EXERCISE:
Report each line below that carries the word "Black".

TASK INPUT:

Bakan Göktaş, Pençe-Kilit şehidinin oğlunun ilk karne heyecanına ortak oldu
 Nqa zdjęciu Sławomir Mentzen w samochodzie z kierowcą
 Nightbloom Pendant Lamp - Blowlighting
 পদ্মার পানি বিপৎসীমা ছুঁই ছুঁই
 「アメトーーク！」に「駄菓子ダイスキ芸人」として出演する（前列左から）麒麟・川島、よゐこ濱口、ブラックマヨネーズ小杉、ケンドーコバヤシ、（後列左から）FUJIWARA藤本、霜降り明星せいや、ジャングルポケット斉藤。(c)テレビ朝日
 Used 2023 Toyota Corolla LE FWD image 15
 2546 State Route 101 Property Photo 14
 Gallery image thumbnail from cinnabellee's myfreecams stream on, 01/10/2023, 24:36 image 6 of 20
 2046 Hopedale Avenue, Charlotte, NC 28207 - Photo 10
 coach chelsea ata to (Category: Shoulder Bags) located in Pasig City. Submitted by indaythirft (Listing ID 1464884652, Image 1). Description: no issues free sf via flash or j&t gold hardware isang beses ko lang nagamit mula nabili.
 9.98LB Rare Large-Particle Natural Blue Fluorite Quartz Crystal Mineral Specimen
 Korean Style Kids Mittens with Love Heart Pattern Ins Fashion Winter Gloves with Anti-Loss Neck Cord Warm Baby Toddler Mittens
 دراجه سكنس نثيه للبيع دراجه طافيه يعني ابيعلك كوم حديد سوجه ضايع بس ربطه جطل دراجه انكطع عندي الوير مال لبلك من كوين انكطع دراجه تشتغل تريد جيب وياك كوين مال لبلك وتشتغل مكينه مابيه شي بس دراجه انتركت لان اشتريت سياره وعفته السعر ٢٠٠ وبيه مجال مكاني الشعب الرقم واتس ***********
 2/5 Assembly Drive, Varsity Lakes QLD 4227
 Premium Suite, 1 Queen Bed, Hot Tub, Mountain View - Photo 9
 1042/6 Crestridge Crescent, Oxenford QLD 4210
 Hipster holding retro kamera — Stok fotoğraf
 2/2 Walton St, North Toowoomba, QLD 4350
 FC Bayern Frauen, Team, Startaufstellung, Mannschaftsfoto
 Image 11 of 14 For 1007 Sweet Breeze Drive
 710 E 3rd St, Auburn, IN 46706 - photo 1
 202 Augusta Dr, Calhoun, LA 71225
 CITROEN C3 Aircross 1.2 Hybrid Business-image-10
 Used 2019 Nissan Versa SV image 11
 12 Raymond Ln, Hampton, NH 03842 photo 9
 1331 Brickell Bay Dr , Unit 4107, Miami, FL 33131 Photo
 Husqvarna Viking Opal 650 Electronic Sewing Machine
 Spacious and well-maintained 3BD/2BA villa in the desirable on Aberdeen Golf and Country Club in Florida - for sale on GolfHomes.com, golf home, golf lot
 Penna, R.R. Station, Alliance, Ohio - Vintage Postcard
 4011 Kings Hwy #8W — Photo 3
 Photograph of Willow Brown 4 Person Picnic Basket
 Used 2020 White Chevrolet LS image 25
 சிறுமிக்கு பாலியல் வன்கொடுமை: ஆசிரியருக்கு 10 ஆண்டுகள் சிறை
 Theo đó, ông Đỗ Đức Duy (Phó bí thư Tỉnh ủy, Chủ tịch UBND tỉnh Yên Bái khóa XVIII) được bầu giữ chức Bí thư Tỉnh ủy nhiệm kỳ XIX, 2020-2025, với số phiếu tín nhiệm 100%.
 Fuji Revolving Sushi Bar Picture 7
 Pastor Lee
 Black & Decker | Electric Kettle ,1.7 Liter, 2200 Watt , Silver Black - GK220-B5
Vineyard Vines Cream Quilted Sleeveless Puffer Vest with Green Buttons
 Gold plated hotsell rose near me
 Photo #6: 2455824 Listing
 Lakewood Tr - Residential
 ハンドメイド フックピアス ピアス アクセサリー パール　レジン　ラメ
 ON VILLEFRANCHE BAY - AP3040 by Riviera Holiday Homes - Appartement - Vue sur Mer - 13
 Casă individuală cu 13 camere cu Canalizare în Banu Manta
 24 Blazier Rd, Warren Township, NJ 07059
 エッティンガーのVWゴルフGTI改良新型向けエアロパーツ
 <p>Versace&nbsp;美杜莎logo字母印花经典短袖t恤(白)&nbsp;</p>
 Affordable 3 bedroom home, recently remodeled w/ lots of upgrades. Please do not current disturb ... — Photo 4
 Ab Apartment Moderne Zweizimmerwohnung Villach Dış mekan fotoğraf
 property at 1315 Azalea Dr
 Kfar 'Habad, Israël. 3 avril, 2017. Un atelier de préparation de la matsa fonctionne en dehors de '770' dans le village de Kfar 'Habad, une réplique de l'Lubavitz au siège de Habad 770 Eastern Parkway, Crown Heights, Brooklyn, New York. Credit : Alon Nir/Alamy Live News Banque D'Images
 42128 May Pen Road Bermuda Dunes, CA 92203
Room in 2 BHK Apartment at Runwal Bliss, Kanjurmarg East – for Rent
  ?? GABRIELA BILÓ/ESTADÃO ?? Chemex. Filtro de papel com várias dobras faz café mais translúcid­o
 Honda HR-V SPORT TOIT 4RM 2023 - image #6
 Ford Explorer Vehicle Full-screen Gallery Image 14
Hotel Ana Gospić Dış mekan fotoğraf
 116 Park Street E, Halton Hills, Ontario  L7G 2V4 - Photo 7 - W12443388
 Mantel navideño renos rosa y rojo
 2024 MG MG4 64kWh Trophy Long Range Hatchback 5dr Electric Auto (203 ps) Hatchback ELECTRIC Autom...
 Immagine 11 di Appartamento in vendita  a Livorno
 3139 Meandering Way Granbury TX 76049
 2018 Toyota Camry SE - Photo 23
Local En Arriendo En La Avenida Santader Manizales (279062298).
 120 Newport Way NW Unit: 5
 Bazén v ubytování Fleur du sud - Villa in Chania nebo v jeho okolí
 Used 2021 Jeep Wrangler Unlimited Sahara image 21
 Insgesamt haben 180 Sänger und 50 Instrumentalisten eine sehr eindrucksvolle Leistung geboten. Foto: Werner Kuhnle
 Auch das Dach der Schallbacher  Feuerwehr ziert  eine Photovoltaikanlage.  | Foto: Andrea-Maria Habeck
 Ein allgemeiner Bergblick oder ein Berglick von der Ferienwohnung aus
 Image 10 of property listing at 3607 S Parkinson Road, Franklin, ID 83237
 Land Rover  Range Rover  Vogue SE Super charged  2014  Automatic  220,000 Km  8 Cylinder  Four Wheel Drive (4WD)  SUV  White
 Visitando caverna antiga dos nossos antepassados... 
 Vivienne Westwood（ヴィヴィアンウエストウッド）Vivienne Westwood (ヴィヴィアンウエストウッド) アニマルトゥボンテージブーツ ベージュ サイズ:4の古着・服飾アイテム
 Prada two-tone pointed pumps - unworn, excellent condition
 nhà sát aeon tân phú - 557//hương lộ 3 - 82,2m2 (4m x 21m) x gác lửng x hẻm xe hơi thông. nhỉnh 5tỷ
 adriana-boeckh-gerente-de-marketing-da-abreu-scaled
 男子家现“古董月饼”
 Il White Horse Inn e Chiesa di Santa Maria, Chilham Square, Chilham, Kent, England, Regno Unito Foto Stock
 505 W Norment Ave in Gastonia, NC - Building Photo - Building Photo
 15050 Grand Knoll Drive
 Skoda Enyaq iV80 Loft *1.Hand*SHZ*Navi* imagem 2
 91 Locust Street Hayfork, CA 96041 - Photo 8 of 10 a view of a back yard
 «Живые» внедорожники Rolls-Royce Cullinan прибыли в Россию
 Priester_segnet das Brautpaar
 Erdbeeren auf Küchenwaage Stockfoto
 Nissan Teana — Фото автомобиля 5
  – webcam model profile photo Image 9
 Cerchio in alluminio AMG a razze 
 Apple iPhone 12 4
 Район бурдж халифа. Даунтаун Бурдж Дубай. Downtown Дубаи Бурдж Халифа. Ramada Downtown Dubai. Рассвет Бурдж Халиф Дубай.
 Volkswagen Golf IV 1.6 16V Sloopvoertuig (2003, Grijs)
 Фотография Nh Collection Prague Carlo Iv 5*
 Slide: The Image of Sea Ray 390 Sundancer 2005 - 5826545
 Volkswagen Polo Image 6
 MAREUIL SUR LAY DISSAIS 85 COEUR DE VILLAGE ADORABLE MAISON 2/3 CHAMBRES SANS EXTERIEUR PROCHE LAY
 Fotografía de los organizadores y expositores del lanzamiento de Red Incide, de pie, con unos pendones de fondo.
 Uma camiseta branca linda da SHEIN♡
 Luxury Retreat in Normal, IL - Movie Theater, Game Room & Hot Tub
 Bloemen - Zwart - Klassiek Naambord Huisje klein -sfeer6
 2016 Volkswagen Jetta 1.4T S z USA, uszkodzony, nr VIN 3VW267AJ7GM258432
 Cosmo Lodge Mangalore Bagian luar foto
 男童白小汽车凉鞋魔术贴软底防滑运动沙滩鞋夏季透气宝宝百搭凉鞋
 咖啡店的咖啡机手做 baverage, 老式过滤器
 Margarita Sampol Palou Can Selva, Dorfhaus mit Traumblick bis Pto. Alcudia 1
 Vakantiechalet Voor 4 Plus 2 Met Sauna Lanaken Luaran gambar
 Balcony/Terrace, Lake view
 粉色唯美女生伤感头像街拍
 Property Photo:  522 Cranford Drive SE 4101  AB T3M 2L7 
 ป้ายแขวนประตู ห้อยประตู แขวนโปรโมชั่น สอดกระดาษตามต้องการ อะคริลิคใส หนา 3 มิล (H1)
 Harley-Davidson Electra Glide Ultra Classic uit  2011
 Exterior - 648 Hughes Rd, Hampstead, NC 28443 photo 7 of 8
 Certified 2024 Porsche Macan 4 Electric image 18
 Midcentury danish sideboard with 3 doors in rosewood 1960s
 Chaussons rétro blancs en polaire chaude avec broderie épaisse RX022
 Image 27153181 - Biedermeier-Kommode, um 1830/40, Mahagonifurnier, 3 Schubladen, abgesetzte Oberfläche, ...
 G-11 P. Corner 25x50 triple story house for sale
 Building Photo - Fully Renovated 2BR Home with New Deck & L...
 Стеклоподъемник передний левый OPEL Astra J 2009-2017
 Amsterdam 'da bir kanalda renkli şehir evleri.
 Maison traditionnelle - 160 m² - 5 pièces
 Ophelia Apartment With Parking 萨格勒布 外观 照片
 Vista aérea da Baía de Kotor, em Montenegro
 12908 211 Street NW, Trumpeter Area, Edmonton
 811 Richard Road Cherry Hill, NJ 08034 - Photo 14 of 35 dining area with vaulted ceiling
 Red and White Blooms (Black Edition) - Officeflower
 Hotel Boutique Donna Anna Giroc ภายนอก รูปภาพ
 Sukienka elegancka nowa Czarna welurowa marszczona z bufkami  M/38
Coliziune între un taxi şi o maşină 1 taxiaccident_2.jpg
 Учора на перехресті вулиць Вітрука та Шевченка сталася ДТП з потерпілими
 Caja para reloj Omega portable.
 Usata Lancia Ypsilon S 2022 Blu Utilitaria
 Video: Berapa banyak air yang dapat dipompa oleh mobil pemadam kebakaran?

OUTPUT FOR THIS TASK:
 Black & Decker | Electric Kettle ,1.7 Liter, 2200 Watt , Silver Black - GK220-B5
 Red and White Blooms (Black Edition) - Officeflower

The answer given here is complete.